The response should consist of every line below, restated exactly, with no pictures.

DATASET CONTENT:
******************************

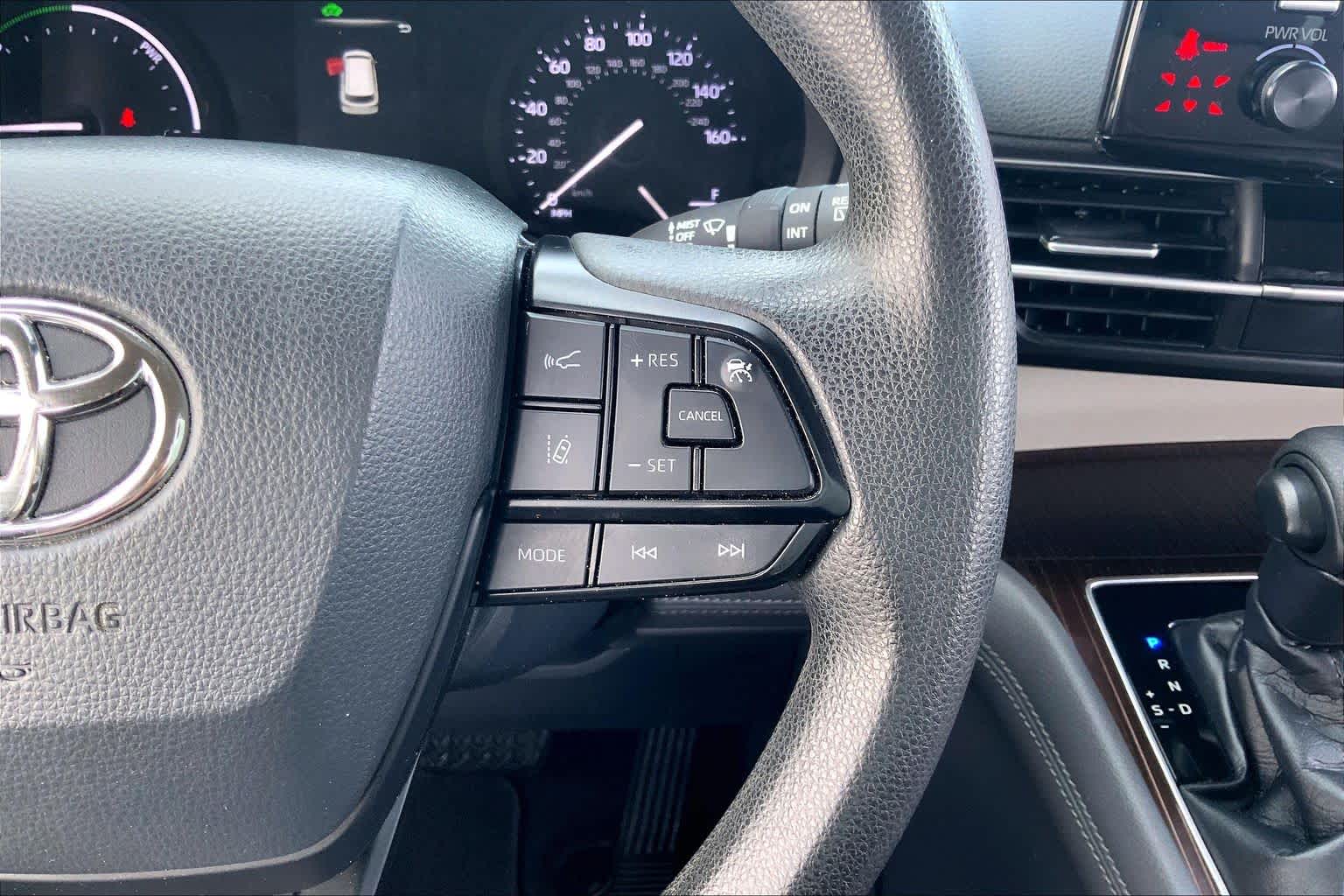 2022 Toyota Sienna LE Midnight Black Metallic at Ron Craft Chevrolet Cadillac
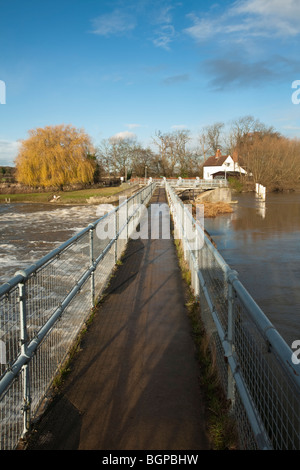 Benson Lock and Weir on the River Thames, Oxfordshire, UK Stock Photo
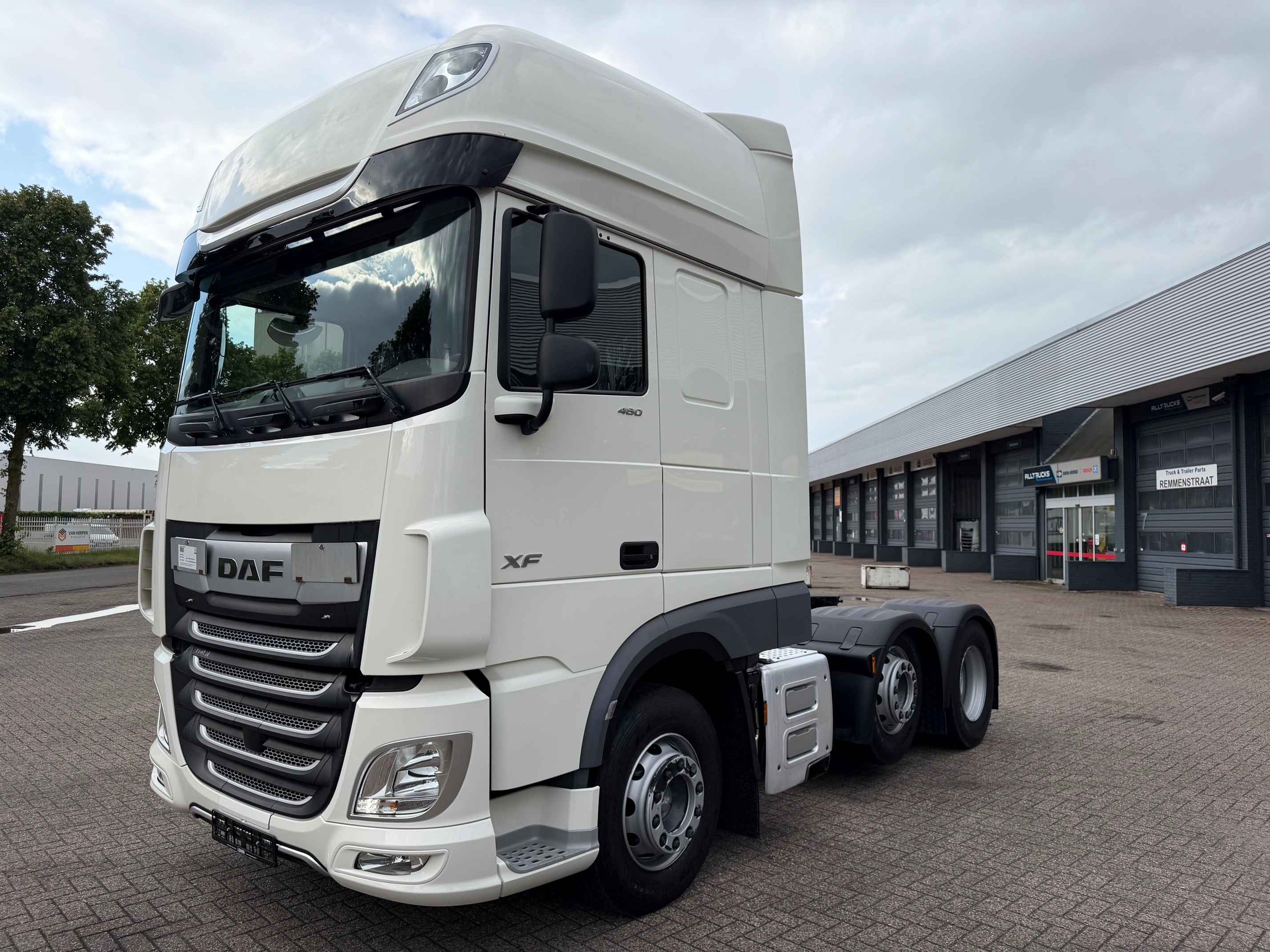 DAF XF 480 FTG 6X2 G null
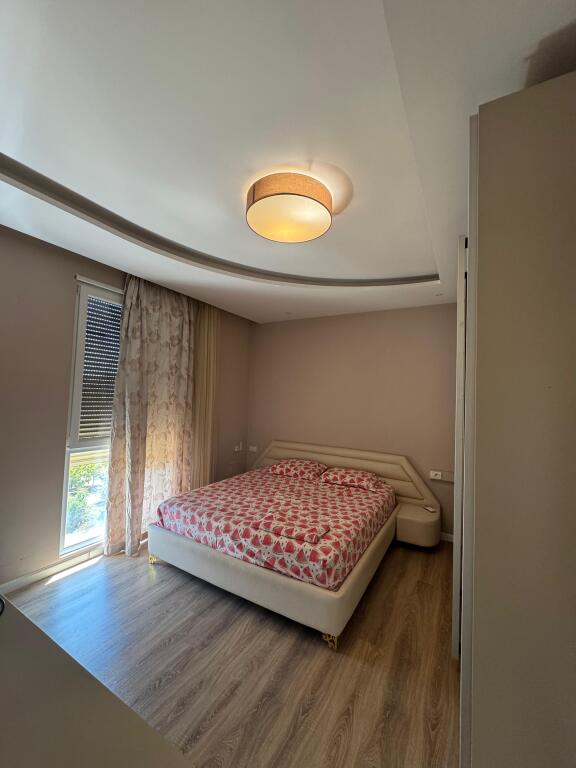 APARTAMENT 2+1 ME QIRA TEK ISH FUSHA E AVIACIONIT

******************************

TASK RESULT:
 2022 Toyota Sienna LE Midnight Black Metallic at Ron Craft Chevrolet Cadillac
 Benson Lock and Weir on the River Thames, Oxfordshire, UK Stock Photo
 DAF XF 480 FTG 6X2 G null
 APARTAMENT 2+1 ME QIRA TEK ISH FUSHA E AVIACIONIT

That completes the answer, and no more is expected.